- [What this task involves] Would you please set down, word for word, the lines from the one with "Stylish acrylic cross-body" through the final line of the data below, omitting any pictures?

- [Provided data]
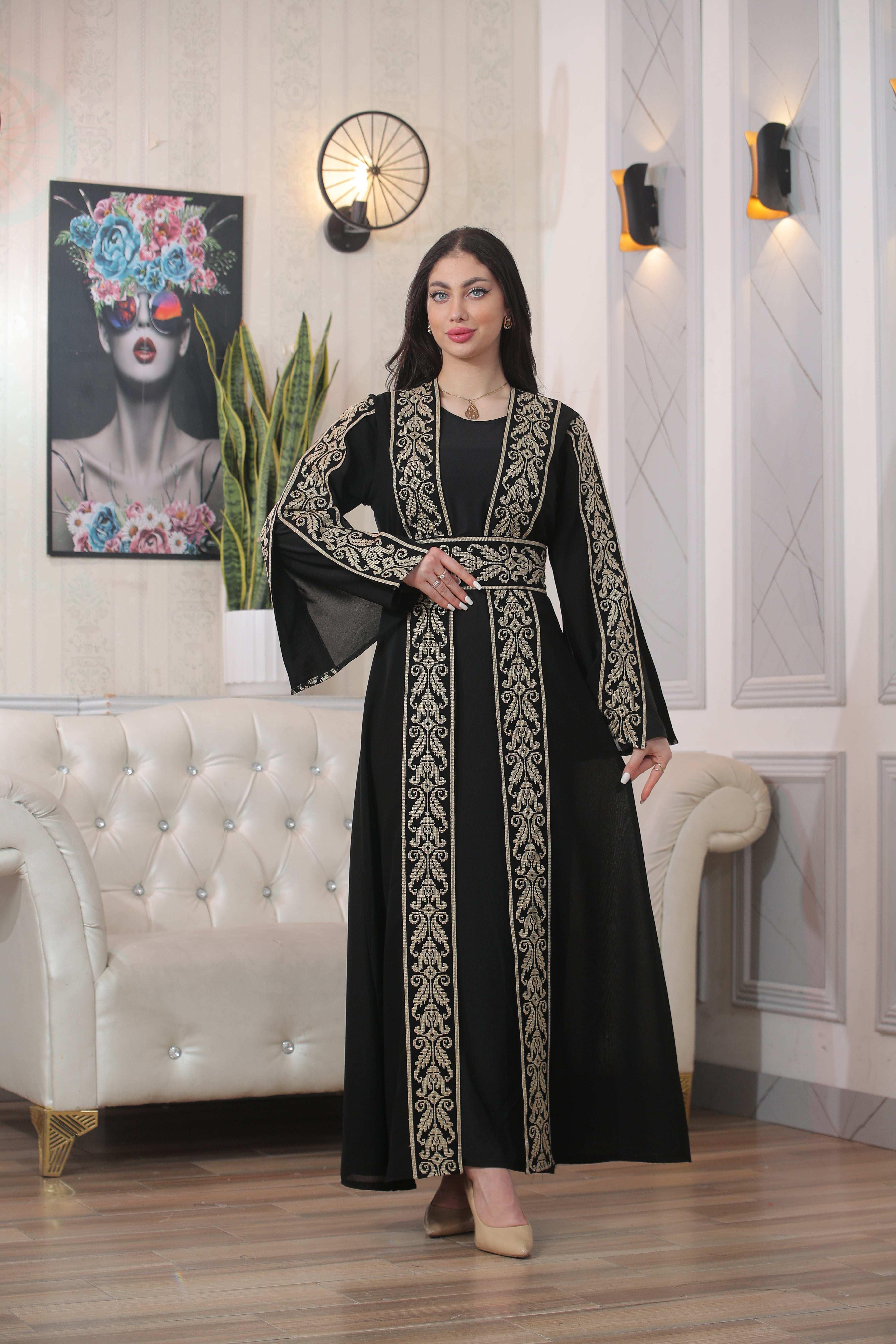 Woman wearing Shereen Embroidered Bisht Abaya black thoub with intricate gold embroidery from Palestinian Elegance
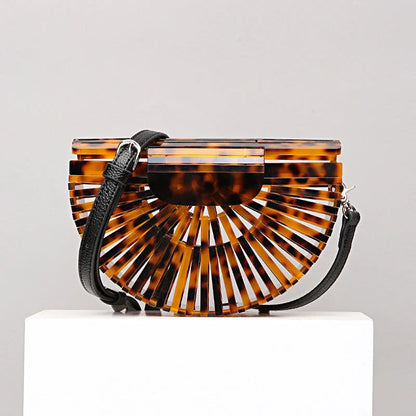 Stylish acrylic cross-body bag in various colors and strap designs, perfect for everyday use and fashion-forward British style.
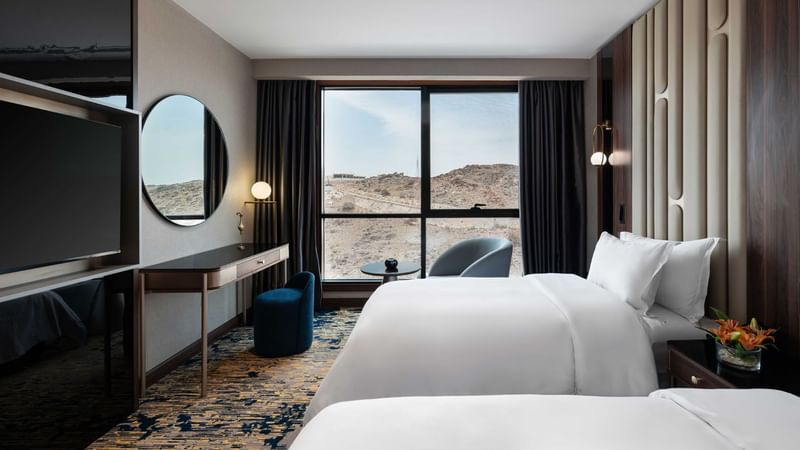TV facing two beds and rocky mountainous landscape view in Royal Suite at Warwick Hotels & Resorts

- [Output for this task]
 Stylish acrylic cross-body bag in various colors and strap designs, perfect for everyday use and fashion-forward British style.
TV facing two beds and rocky mountainous landscape view in Royal Suite at Warwick Hotels & Resorts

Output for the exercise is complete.